# Bifurcations in a harmonic oscillator equation

1. Dec 2, 2011

### smithnya

Hello everyone,

I've been trying to figure out how to determine bifurcation values in a harmonic oscillator when either the spring constant α or damping coefficient β act as undefined parameters. I understand bifurcations in first-order DEs, but I can't figure them out in a second-order equation such as a harmonic oscillator. Could anyone give me an explanation or tip on how to achieve this?

2. Dec 3, 2011

### HallsofIvy

The general second order, constant coefficients, homogeneous linear differential equation can be written
$$\frac{d^2y}{dx^2}+ B\frac{dy}{dx}+ Cy= 0$$

Yes, this can be interpreted as the motion of a spring where 'B' gives the damping and 'C' the spring force.
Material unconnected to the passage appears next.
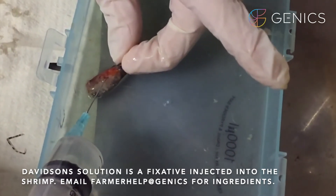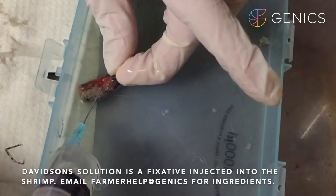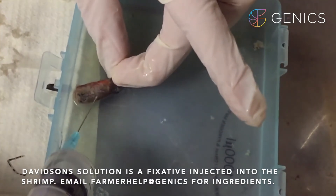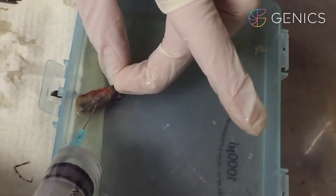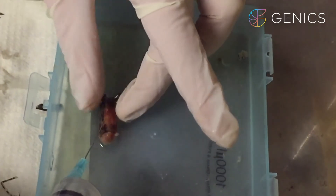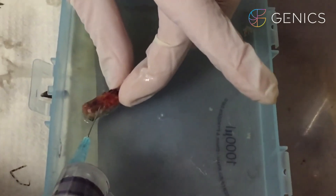We then inject Davidson's solution in through the periopod area and the mouth area, and up around the heart.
The characteristic equation for this would be $r^2+ Br+ C= 0$ which can be solve by the quadratic equation:
$$r= \frac{-B\pm\sqrt{B^2- 4C}}{2}[/quote] That equation has either (a) two real roots, (b) a single real root, (c) two complex roots (which gives oscilatory motion) depending upon the discriminant, [itex]\sqrt{B^2- 4C}$$. The solution "bifurcates" when that is 0.

3. Dec 3, 2011

### smithnya

Thanks so much. So what happens when you end up with complex roots or with two distinct roots?